Navigating Our Imminent Future: A Conversation With Mike Kuniavsky
"I want to see the positive side of it, and I want to see where we really can give people superpowers—but with the knowledge that significant challenges happen with every single innovation."
Before he became interested in UX research or machine learning, Mike Kuniavsky was interested in engines. Or, to be more specific, he was interested in the effects of automation on people like his father, an engineer at Ford Motor Company who tuned engines. Testing for various conditions that might stress those engines was conducted manually until the mid-’80s when it became computerized. The implications for the humans who once ran these tests were profound. The implications for Kuniavsky were monumental too. He wrote a high school honors thesis on the impacts of computerization on middle management. That thesis was the genesis of a career centered on the nexus of humans and the technologies that would become an indelible part of their lives.
Recognizing our need to be able to easily find information in the vast new landscape known as the World Wide Web, Kuniavsky was part of the team that designed the early search engine HotBot. Identifying the need for more satisfying interactions once we found what we were looking for, he helped pioneer the field of UX research and design, writing the widely used text Observing the User Experience. And seeing that our relationship to nearly every object we use in our everyday lives was shifting dramatically, he wrote another book, Smart Things, and shifted his focus to product research and development. Currently, Kuniavsky is running an R&D lab focused on people’s experiences of emerging technologies. Kuniavsky and his team takes a three to five-year outlook, firmly situating him in a middle space between heads-down developers and twenty-years-out futurists.
From that middle space, Kuniavsky sees potential where many others see pending doom. This, it seems, is the crux of his three decades of work—from helping fellow students figure out their Mac Pluses at the college computer lab to helping Fortune 500 companies devise sensor-enabled shipping labels—Mike identifies in new technologies the societal good many of us can’t see through our fear. At the same time, he recognizes the validity of our fears and reflects them back to developers so they might best respond to our needs—practical, emotional, and ethical.
The aim of machine learning, Kuniavsky says, is not to take over people’s lives by doing things for them. Rather, “it’s to help them do those things better with either more information or with better tools that allow people to do things with their hands and their minds and their bodies that they would like to be able to but currently can't.” There will, inevitably, be fallout—the world is going to look a lot different for an anesthesiologist in the next 10 years. And it’s not that Kuniavsky doesn’t see risks as computers do more and more of our thinking for us. It’s just that he understands that human decision-making is risky, too.
“If you go to Wikipedia and look at the list of cognitive biases, human brains are not these perfect things. They're far from it,” he says. “They’re really, really flawed in many ways—interesting ways—but the way that our brains have evolved, there's all kinds of things we're really terrible at.”
Statistics, for instance. “When we see something happen, we want to find the single root cause of that thing. Well, in fact, in the world, most of the time there isn't a single root cause. It's an emergent property of a whole bunch of different things going on at the same time. So looking for that single root cause is sending you down the wrong path, “ he says, “Similarly we're always looking at, ‘This thing happened and therefore it's really important and therefore it happens a lot.’ We almost never think about all the things that didn't happen at that same point. Our brains are really bad at that.”
Computers don’t have these problems, he argues, and our need to have a human in charge often boils down to comfort—and culpability. “This is why we have pilots in airplanes but not drivers in little airport shuttle trains, even though computers have been able to take off and land airplanes without having a pilot on board for years—in many cases better than pilots can,” he says. “The reason we don't do that is we want someone to blame. We want someone there that we feel is like us, who will have our values, who will be, essentially, reflecting our needs.”
"Navigating our imminent future will require profound shifts in perspective."
For all of human existence, we’ve expected that our activities will be governed by human decision-making. There is an entire literary genre devoted to our anxieties about ceding that control.
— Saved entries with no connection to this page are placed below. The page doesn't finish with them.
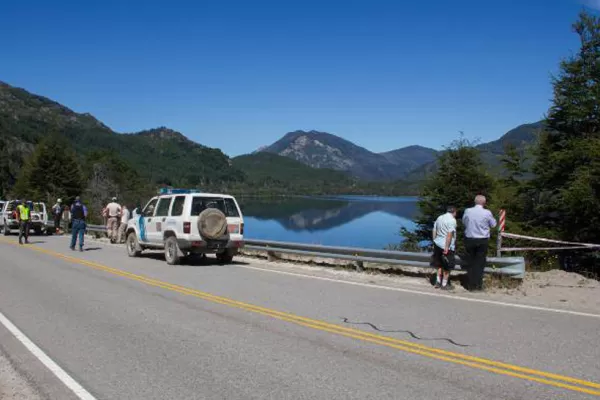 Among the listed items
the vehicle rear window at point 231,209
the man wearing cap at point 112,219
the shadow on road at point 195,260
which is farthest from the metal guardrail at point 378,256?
the man wearing cap at point 112,219

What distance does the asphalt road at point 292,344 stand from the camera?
5.04m

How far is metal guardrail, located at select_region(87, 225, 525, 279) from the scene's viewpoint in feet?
34.2

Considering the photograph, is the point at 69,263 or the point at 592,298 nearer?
the point at 592,298

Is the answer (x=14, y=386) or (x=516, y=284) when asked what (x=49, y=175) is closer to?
(x=516, y=284)

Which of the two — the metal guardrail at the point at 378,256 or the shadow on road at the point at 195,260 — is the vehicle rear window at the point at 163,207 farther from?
the metal guardrail at the point at 378,256

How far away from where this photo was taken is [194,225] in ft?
48.7

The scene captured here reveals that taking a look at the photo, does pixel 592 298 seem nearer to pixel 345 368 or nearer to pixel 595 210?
pixel 345 368

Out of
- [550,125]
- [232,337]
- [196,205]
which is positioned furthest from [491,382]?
[550,125]

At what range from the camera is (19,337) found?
23.2 ft

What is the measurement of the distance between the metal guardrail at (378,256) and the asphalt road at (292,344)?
5.44ft

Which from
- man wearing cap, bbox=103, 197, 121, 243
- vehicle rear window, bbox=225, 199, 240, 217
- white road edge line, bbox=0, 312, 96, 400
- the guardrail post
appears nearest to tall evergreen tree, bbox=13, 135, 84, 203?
man wearing cap, bbox=103, 197, 121, 243

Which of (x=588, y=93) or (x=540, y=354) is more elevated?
(x=588, y=93)

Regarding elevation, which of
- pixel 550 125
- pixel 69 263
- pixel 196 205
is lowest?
pixel 69 263

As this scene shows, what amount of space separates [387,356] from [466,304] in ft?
11.3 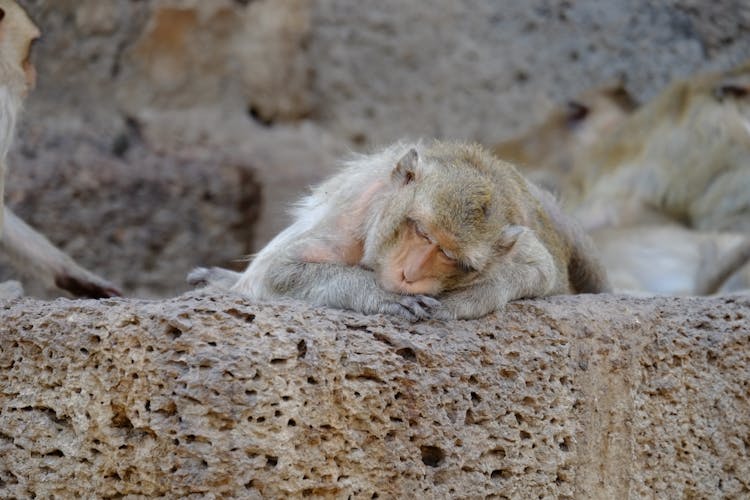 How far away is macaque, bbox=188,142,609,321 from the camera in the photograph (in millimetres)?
3898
Kuniavsky says navigating our imminent future will require profound shifts in perspective. “It’s essentially a cultural negotiation that we have with technology,” he says.
The unsettling irony, of course, is that as humans are, quite literally, driving things less and less, digital culture is enabling us to project ourselves everywhere. Kuniavsky sees an antecedent in Father Coughlin, the priest from suburban Detroit who, in the 1930s, used the emerging technology of radio to broadcast his antisemitic views across the country. “I think we're literally in an analogous version of that—a situation where technology creates a fundamentally different level of access for every kind of ideology and we're not really built for dealing with that,” he says.
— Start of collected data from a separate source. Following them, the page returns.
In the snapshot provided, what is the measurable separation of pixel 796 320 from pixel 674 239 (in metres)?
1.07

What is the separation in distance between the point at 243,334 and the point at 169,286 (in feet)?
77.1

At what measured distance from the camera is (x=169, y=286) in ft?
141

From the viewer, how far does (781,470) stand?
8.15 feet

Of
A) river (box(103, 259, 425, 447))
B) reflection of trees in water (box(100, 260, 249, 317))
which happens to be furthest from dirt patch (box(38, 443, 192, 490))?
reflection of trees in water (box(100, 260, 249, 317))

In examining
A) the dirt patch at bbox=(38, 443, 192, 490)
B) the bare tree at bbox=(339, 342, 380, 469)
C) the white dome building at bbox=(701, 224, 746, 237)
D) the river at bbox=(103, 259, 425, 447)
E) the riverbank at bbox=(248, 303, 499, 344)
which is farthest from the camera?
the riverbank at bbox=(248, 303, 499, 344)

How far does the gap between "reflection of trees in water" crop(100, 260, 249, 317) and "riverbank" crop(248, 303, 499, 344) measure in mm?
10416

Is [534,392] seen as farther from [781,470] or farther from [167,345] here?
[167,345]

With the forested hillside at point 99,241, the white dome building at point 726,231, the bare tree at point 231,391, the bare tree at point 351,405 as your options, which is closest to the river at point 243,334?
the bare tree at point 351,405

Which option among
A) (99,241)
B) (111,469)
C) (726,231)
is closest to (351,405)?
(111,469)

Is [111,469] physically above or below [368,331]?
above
In other words, we’ve been here before. It’s fraught. But it is happening. Rigorous checks and balances are required—AI ethics is a major part of Kuniavsky’s work. But he believes society will be better in the end. “You know, we are all kind of roiled by these waves all the time,” he says. “It's a really challenging position to be in, but it is the human condition, unfortunately, since perhaps enclosure started in the UK in the 17th century. I want to see the positive side of it, and I want to see where we really can give people superpowers—but with the knowledge that significant challenges happen with every single innovation.”